RWGet
RWget is a web crawler that tries to emulate a subset of the interface of GNU/Wget, but with more flexibility for my needs.
Features
- Regular expression accept/reject lists
- Pluggable interfaces for robots-txt, url-fetcher, url-queue, url-dupe-detector, and page-storage. The defaults store locally, and fetch using libcurl, but you could easily change to db storage, a distributed queue, etc.
Help page
Usage: /usr/bin/rwget [options] SEED_URL [SEED_URL2 ...]
-w, --wait=SECONDS wait SECONDS between retrievals.
-P, --directory-prefix=PREFIX save files to PREFIX/...
-U, --user-agent=AGENT identify as AGENT instead of RWget/VERSION.
-A, --accept-pattern=RUBY_REGEX URLs must match RUBY_REGEX to be saved to the queue.
--time-limit=AMOUNT Crawler will stop after this AMOUNT of time has passed.
-R, --reject-pattern=RUBY_REGEX URLs must NOT match RUBY_REGEX to be saved to the queue.
--require=RUBY_SCRIPT Will execute 'require RUBY_SCRIPT'
--limit-rate=RATE limit download rate to RATE.

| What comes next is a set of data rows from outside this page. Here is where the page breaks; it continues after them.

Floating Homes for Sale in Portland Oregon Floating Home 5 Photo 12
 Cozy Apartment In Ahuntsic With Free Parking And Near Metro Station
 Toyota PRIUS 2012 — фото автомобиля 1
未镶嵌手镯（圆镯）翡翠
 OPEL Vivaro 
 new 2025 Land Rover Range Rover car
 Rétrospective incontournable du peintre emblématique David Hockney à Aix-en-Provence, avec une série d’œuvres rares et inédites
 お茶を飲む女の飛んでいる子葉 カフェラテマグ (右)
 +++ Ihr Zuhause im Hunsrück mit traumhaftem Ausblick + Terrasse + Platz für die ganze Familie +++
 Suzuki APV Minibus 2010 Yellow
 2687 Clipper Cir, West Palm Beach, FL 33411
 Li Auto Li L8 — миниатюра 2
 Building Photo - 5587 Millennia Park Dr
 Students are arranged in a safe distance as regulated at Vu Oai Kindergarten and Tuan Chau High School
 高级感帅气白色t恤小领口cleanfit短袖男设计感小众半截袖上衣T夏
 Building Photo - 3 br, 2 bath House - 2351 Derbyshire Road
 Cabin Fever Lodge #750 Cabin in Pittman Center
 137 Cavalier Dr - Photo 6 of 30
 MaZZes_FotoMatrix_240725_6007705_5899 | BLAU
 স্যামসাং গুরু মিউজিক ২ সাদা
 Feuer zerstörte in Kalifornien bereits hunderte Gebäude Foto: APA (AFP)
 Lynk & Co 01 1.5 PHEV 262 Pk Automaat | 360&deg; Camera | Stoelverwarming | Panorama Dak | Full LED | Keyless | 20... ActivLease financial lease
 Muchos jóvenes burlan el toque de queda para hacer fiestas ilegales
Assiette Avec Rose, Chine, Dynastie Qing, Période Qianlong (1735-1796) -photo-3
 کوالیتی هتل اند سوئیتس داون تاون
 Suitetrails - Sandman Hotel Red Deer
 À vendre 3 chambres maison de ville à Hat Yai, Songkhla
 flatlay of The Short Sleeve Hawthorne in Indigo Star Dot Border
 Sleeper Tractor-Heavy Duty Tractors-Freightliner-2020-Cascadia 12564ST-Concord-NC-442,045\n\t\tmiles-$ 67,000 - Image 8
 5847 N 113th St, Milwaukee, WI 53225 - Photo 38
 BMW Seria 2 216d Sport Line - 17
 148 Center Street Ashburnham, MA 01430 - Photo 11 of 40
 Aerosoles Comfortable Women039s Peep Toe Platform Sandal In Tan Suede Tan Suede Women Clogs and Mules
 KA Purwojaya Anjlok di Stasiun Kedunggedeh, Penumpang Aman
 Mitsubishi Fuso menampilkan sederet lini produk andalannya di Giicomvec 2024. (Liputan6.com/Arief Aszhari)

--http-proxy=URL Proxies via URL
--proxy-user=USER Sets proxy user to USER
--proxy-password=PASSWORD Sets proxy password to PASSWORD
--fetch-class=RUBY_CLASS Must implement fetch(uri, user_agent_string) #=> [final_redirected_url, file_object]
--store-class=RUBY_CLASS Must implement put(key_string, temp_file)
--dupes-class=RUBY_CLASS Must implement dupe?(uri)
--queue-class=RUBY_CLASS Must implement put(key_string, depth_int) and get() #=> [key_string, depth_int]
--links-class=RUBY_CLASS Must implement urls(base_uri, temp_file) #=> [uri, ...]
-S, --sitemap=URL URL of a sitemap to crawl (will ignore inter-page links)
-Q, --quota=NUMBER set retrieval quota to NUMBER.
--max-redirect=NUM maximum redirections allowed per page.
-H, --span-hosts go to foreign hosts when recursive
--connect-timeout=SECS set the connect timeout to SECS.
-T, --timeout=SECS set all timeout values to SECONDS.
-l, --level=NUMBER maximum recursion depth (inf or 0 for infinite).
--[no-]timestampize Prepend the timestamp of when the crawl started to the directory structure.
--incremental-from=PREVIOUS Build upon the indexing already saved in PREVIOUS.
--protocol-directories use protocol name in directories.
--no-host-directories don't create host directories.
-v, --[no-]verbose Run verbosely
-h, --help Show this message
Ruby API
require "rubygems"
require "rwget"
# options is the same as the command-line long options, but converted into
# idiomatic ruby. See the RDoc for details.
# i.e.
# sh$ rwget -T 5 -A ".*foo.*" http://google.com
# becomes:
# irb$ RWGet::Controller.new({:seeds => ["http://google.com"],
# :timeout => 5, :accept_patterns => /.*foo.*/}).start
RWGet::Controller.new(options).start